(INFORMATION SHOWN)
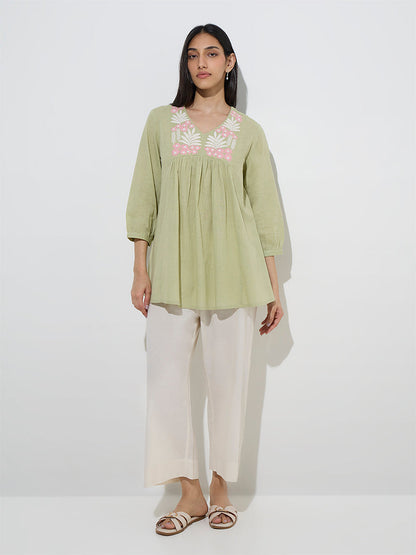 Utsa Light Green Floral Embroidered Cotton Tunic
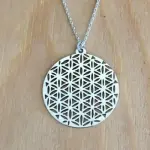 Collier fleurs de vie en argent rhodi� - cr�ateur cabanetchanqu�e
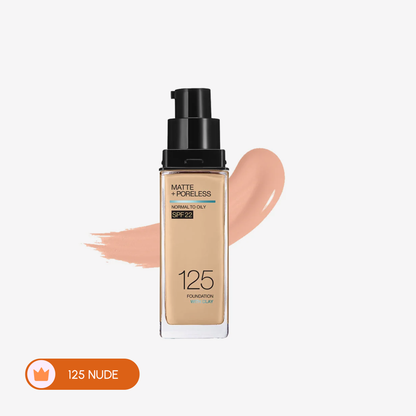Maybelline Ny New Fit Me Matte + Poreless Liquid Foundation Spf 22 - 125 Nude Beige 30Ml - For Normal To Oily Skin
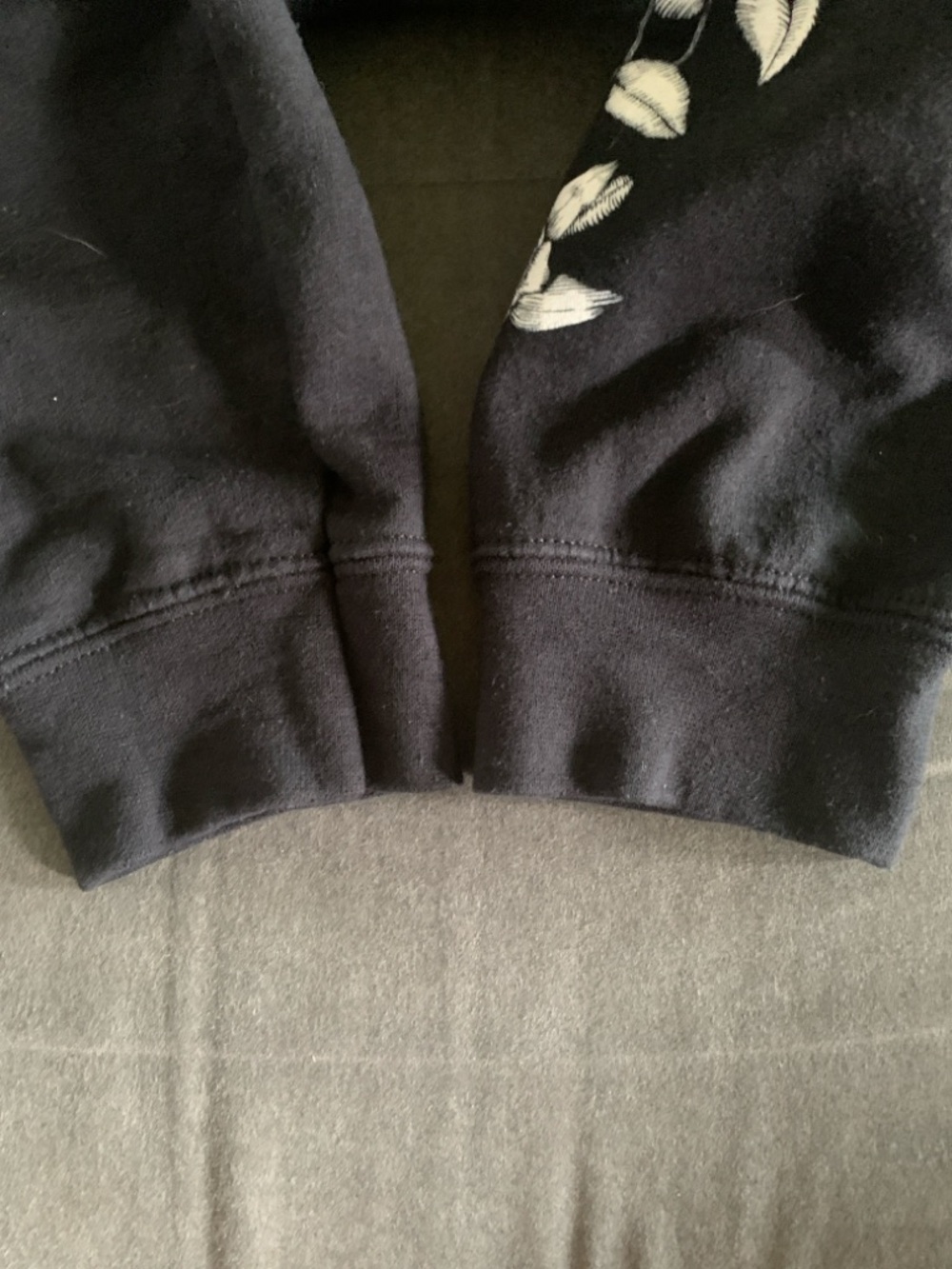BTS Fake Love Hooded Sweatshirt with White Floral Sleeve Accents - Picture 12 of 12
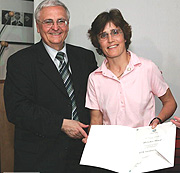 Monica Staab (R) with a DFB delegate.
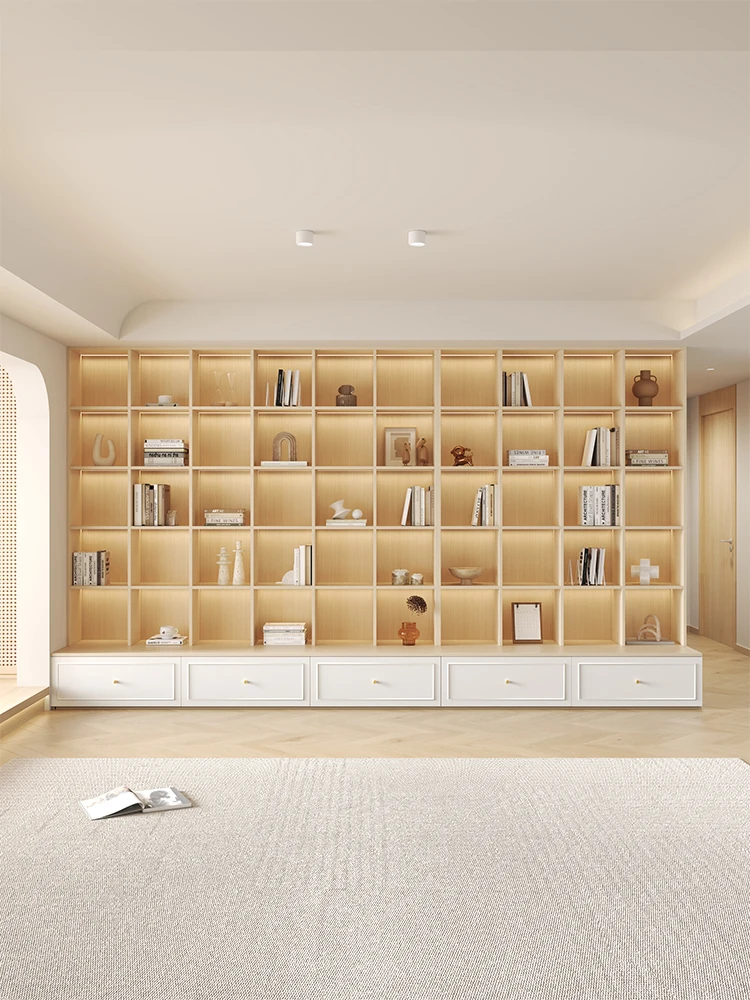 

Solid Wood Bookshelf Living Room to the Top Full Wall Bookcase Library Modern Light Luxury Home Bookcase to the Top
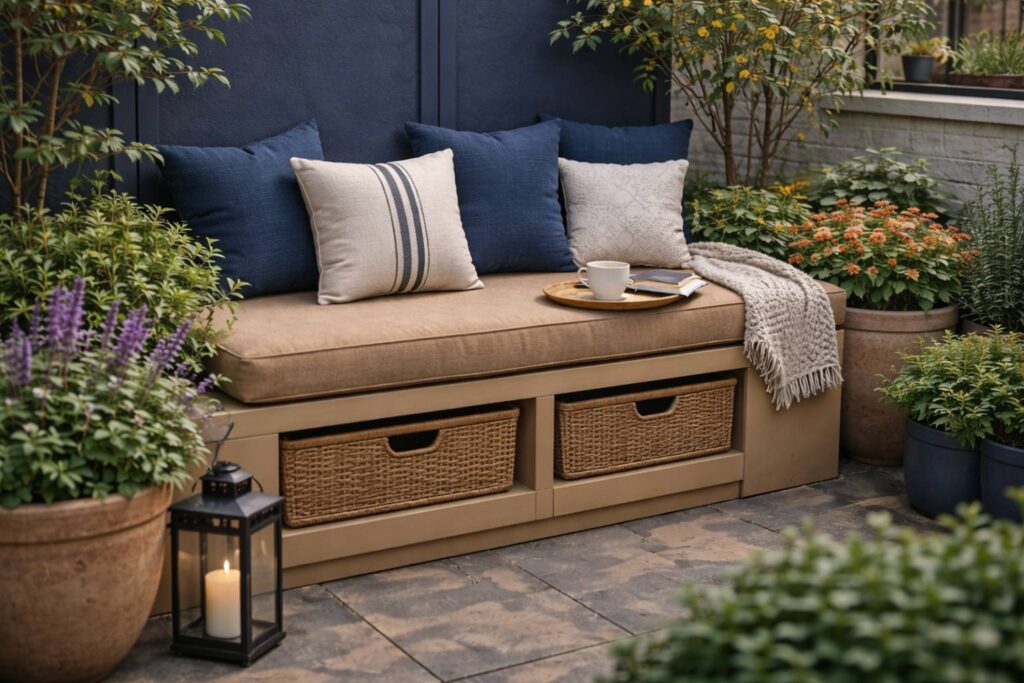 Gezellige zithoek in de tuin met zachte kussens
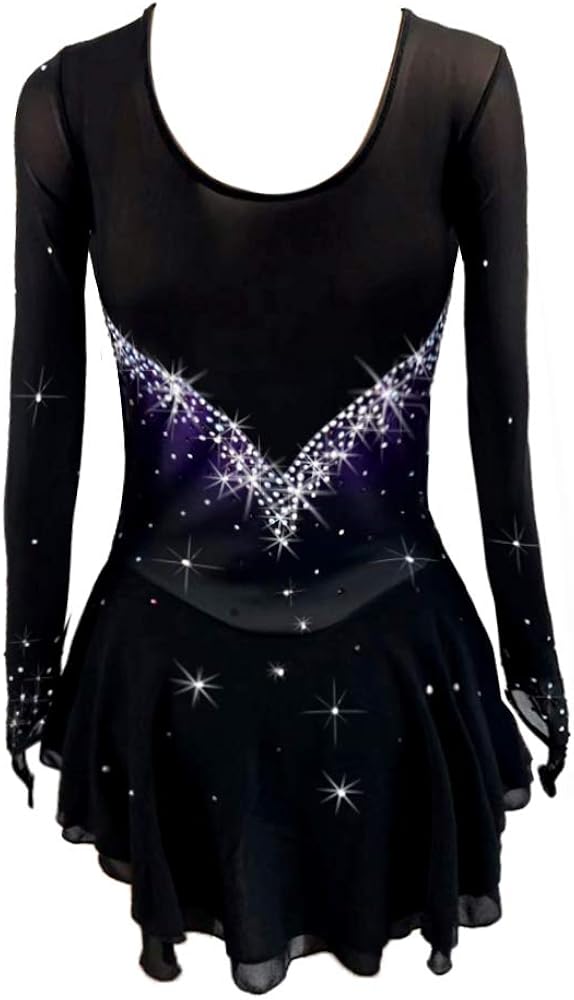 Figure Skating Costumes Children Purple Gradient Girls Ice Skating Dress for Competition: Clothing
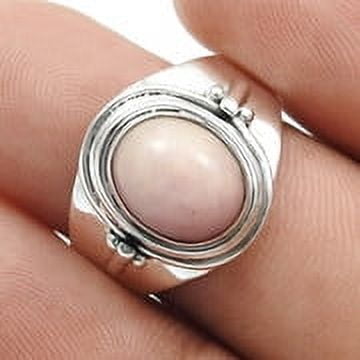 Pink Opal Gemstone Solid 925 Sterling Silver Wife Band Statement Ring Jewelry Size 8
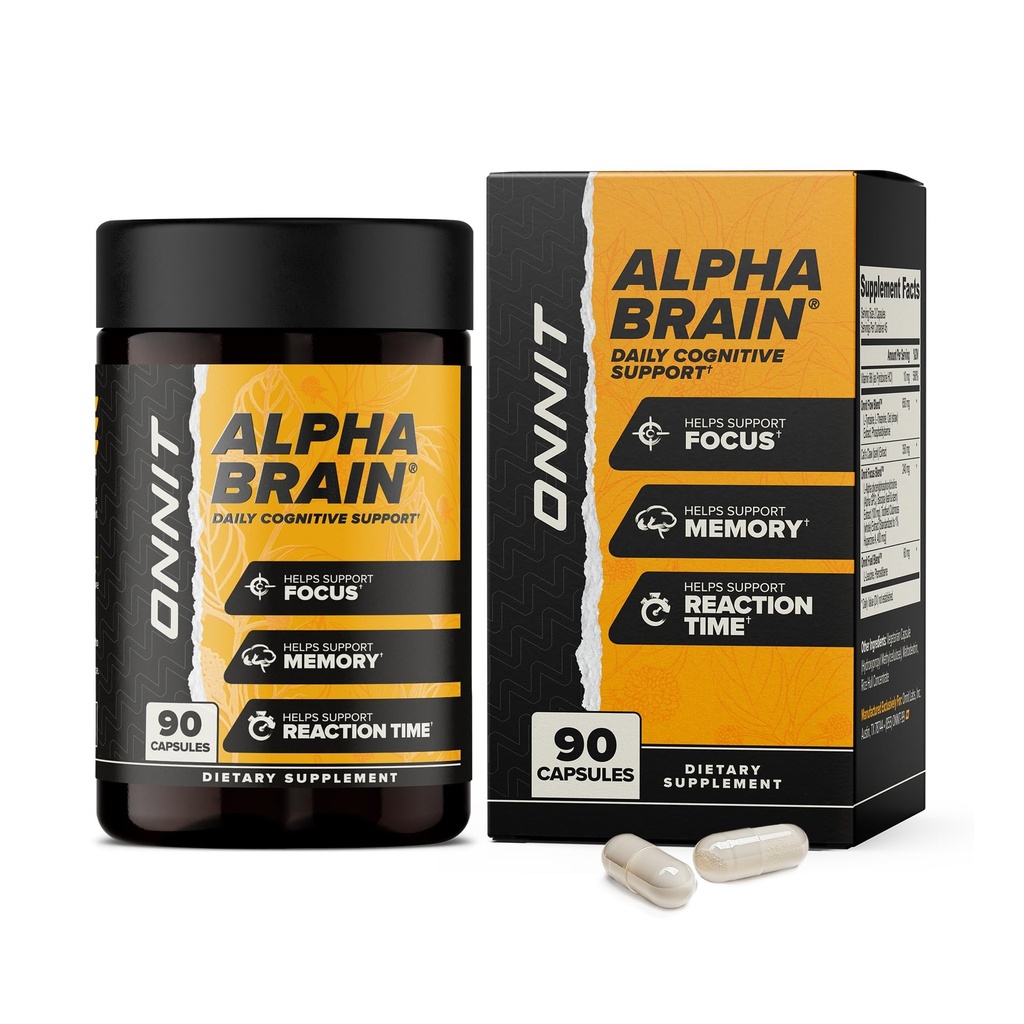ONNIT Alpha Suplemento Cerebral Nootrópico para Foco, Memória, Clareza Mental, Apoio Cognitivo com L-Teanina e Vitamina B6, 90 Contagem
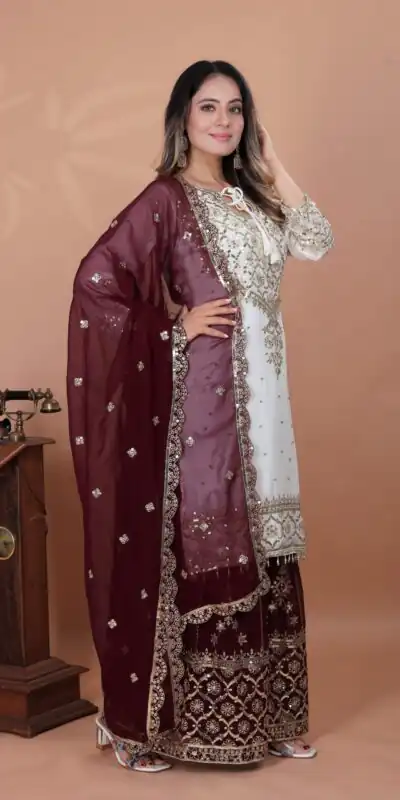 ZSR 3119 White Heavy Faux Georgette With 5mm Embroidery Sequence Work With Full Sleeve Salwar Suit Wedding, Party, Festive, Events Festive Deal ₹ | Jump Suits, Tops & Bottoms, Track Suits, Trendy Wear, Salwar suit, Designer Suits, Casual Suits, Creative suits, Palazzo Suits, Party Wear Suits, Patiala Suits, Straight Suits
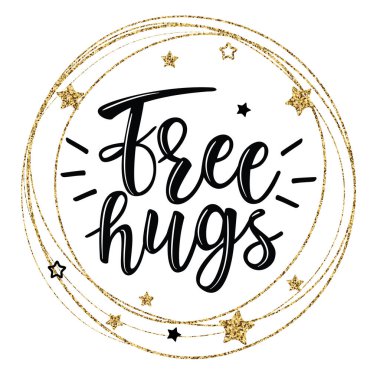 Free Hugs yazı vektör.
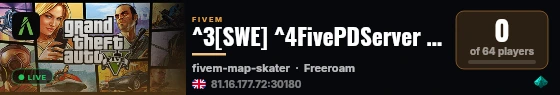 ^3[SWE] ^4FivePDServer ^7l ^4WHITELIST: Av ^7l ^4Toko-Voip ^7l ^4discord.gg/ZCAcQ3G live status badge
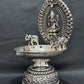 Silver Laxmi Idol Diva/ Deepak with Antique Finish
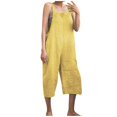 thumbnail image 2 of Women Casual Loose Wide Leg Jumpsuits Long Bib Pants Cotton Overalls with Pockets Yellow L, 2 of 5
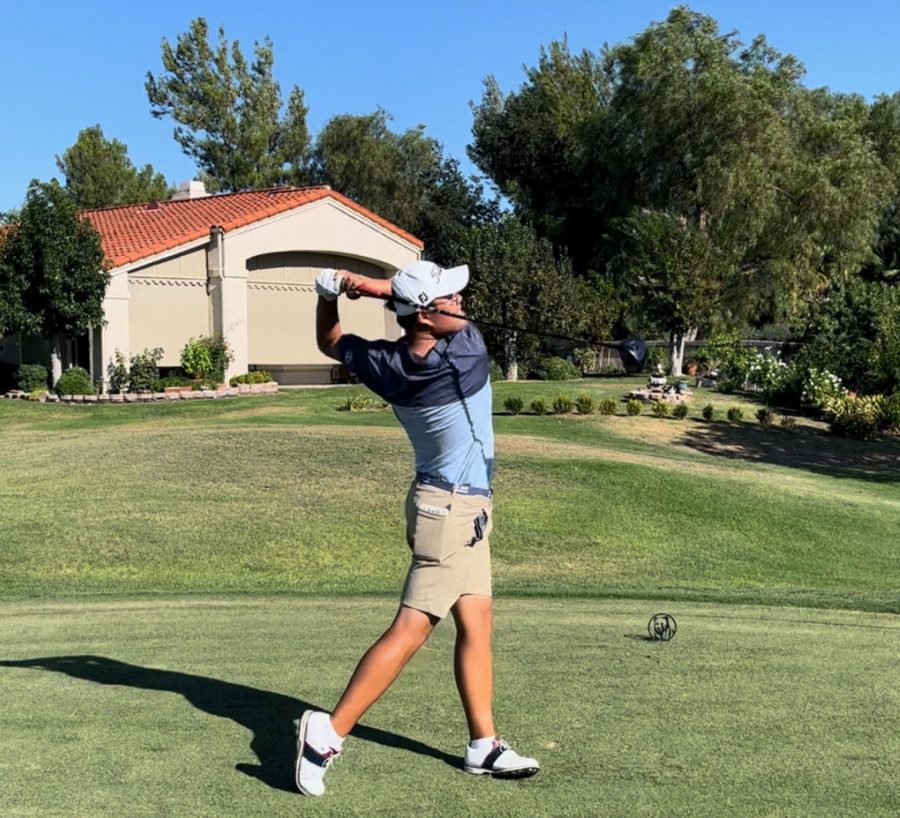 Senior Jeffrey Kwak swings his driver in the Inland Empire Championship Aug. 28, 2022, the third day of his competition. Kwak tied for second place in this tournament with a score of seven under par across the three days he played in.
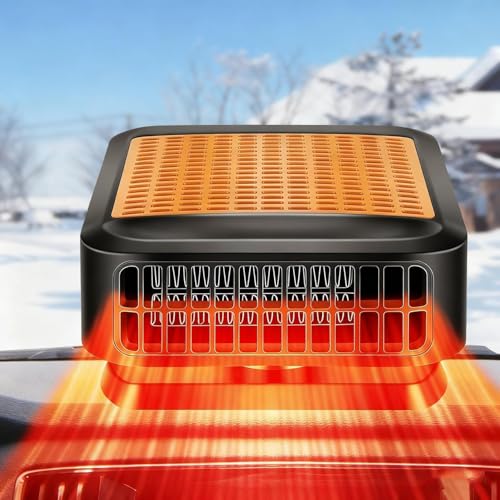 Car Heater Portable Car Defroster Windshield Heater,12V 200W Fast Heating & Cooling Fan,Plug In Cigarette Lighter Heaters Windshield Defogger,360° Rotary Portable Car Heaters for Vehicle,Cars,RVs,SUV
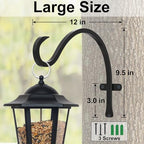 12 Inch Heavy Duty Plant Hanger Wall Hook 4 Pack - Black Iron Hanging Plant Bracket Holds 44 lbs - Rust Resistant Indoor Outdoor Hooks for Bird Feeders Lanterns Wind Chimes Hanging Baskets with Screws - size: 4 Pieces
(End INFORMATION SHOWN)
▸ **ACTIVITY**:
Please leave out the pictures as you reproduce the lines exactly, from the first line of the entries through the line containing "Monica Staab (R) with a DFB delegate.".

▸ **THE COMPLETED TASK**:
 Utsa Light Green Floral Embroidered Cotton Tunic
 Collier fleurs de vie en argent rhodi� - cr�ateur cabanetchanqu�e
Maybelline Ny New Fit Me Matte + Poreless Liquid Foundation Spf 22 - 125 Nude Beige 30Ml - For Normal To Oily Skin
BTS Fake Love Hooded Sweatshirt with White Floral Sleeve Accents - Picture 12 of 12
 Monica Staab (R) with a DFB delegate.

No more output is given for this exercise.